I own a 2011 Honda Odyssey. It needs new brakes and I don't want to get them fixed until I deal with an ongoing brake rotor issue. They warped due to overheating and we paid to have them re-machined (stupidly on their advice) and then they warped again.
Honda Odysseys and Pilots are known for shuddering and warped brakes due to undersized rotors. I have spoken with a ton of ppl at honda and everyone acknowledges its an issue and they have no intent to make it right. Not wanting to buy another Honda product, we are looking at getting after market rotors and having them install them. They recommend both slotted and drilled.

Can someone recommend a product and a good website to order from?

Thanks!
Rockauto as above. I'd pick any of their daily driver rotors (probably AC Delco, Raybestos, or Beck) and for the pads, I'd probably buy the daily driver Akebono pads (based on a small number of very satisfactory outcomes).

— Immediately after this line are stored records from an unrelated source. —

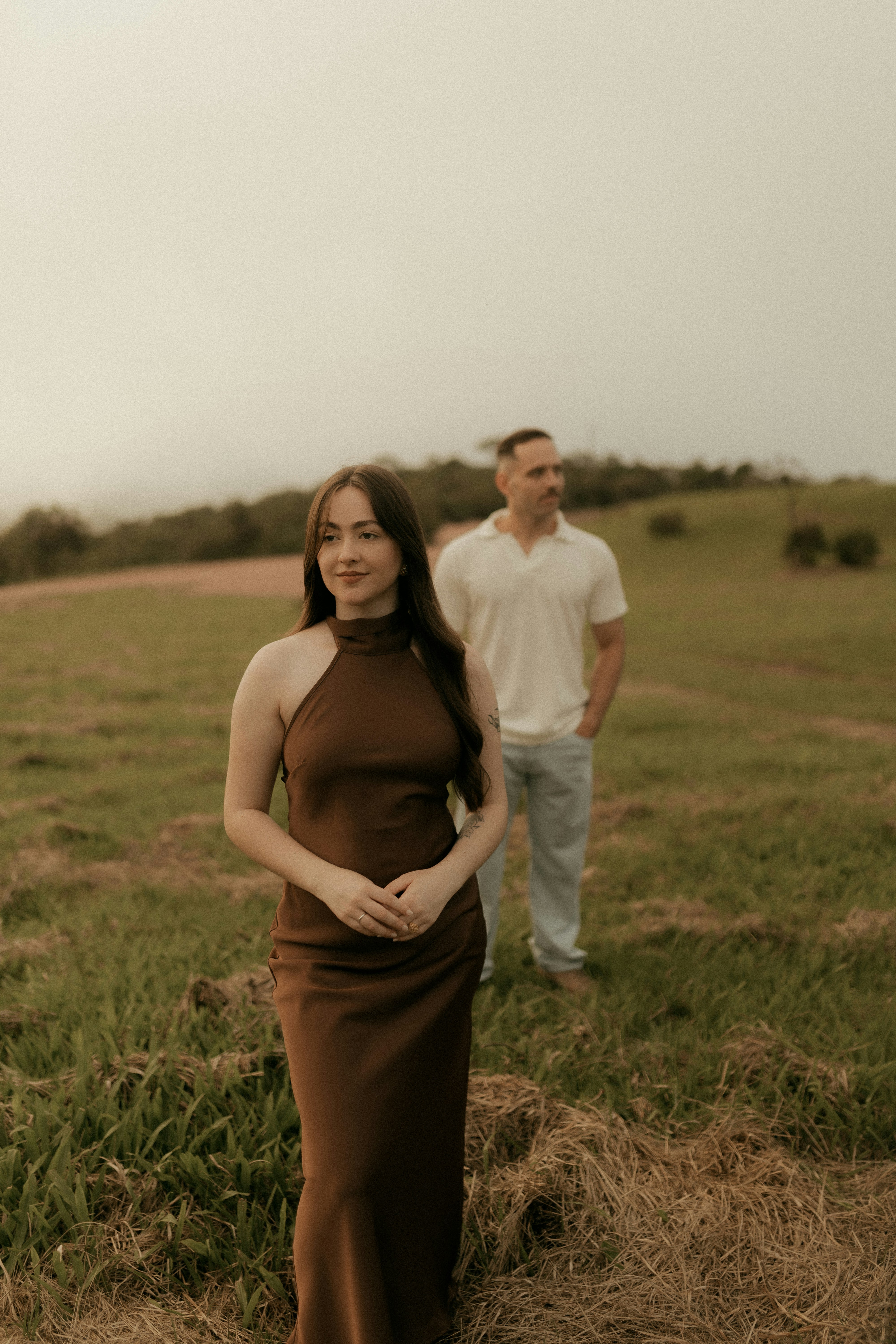 Couple standing in a grassy field outdoors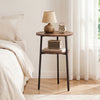 Round side table in rustic brown with a metal frame and storage shelf, ideal for living room or bedroom use.
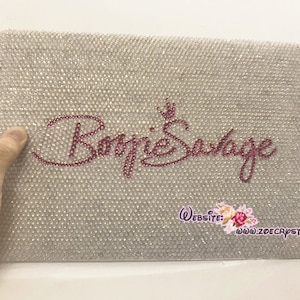 May include: A white, sparkly, rectangular surface with the words "Barbie Savage" in pink rhinestones. The text "Website: www.zoecrystal.com" is printed in black at the bottom.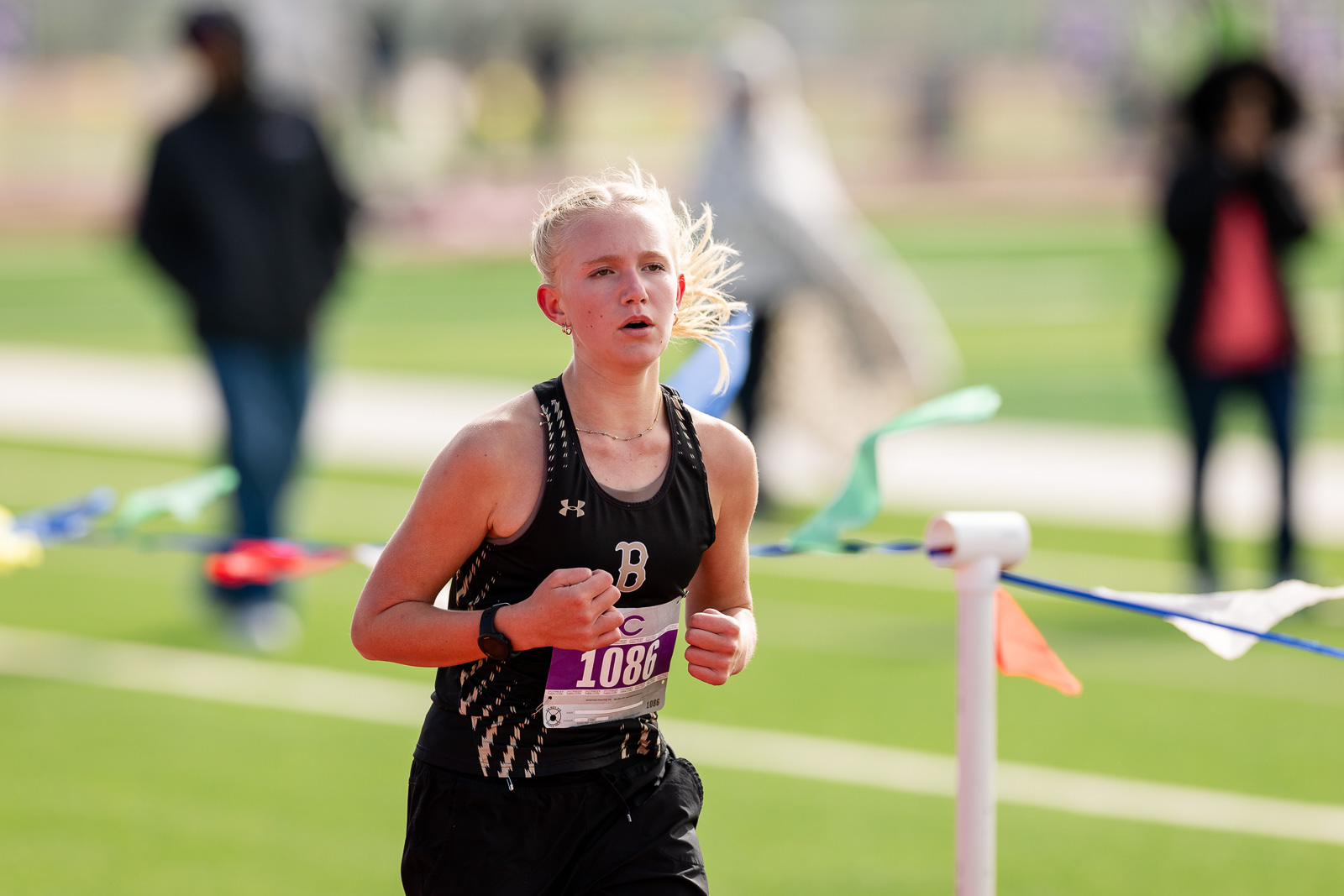 3A-4A-district-xc-jpegJoe-pps-84 | Press Pass Sports Young female athlete in a black singlet and shorts running on a track during a race, bib number 1086 visible.
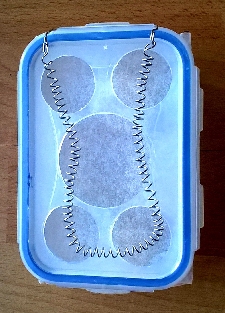Spiralformung über den Deckelöffnungen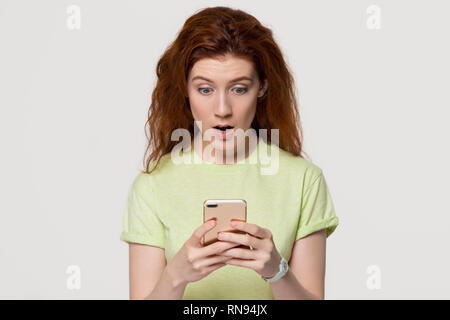 Shocked amazed redhead woman holding phone astonished about unexpected sms Stock Photo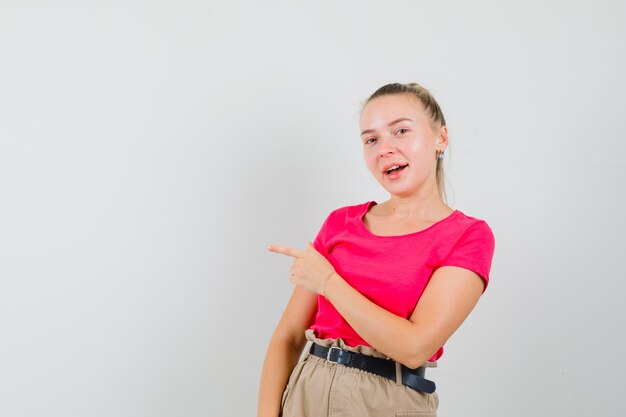 Junge Frau, die im T-Shirt, in der Hose und in der fröhlichen Vorderansicht beiseite zeigt.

It never makes sense to "turn" (remachine) rotors on a street car, IMO. They're a replacement part in my book. Not only do you lose mass, but it's a lot more time and aggravation to save maybe $20. It's also harder to find shops that can turn the rotors over the counter than it used to be. There are profit-generating machines that cut the rotors on the car. You don't own one. :)

I also don't recommend slotted/drilled/dimpled/fairy-dust-sprinkled/cryogenically-treated/Pope-blessed or other modified rotors for street cars. Get a big, flat, round piece of cast iron and mount it up. Don't buy the very cheapest crap you can find, but this is not a space shuttle tolerance part.

There's a 5% discount code for Rockauto all the time. Google for one.

You replace the pads with the rotors; it's a <90 minute job per axle working at a leisurely pace unless you have a rusted PoS. It's the task I first recommend to a potential DIY mechanic. I do a few of them per year in my driveway for friends who are considering working on their own car. When they see that you can do the axle for $125 instead of the $660 they got reamed for at the dealer and see how easy it is, about 75% are convinced to do it next time.

Thanks for the advice and thanks to everyone else who has recommended a product.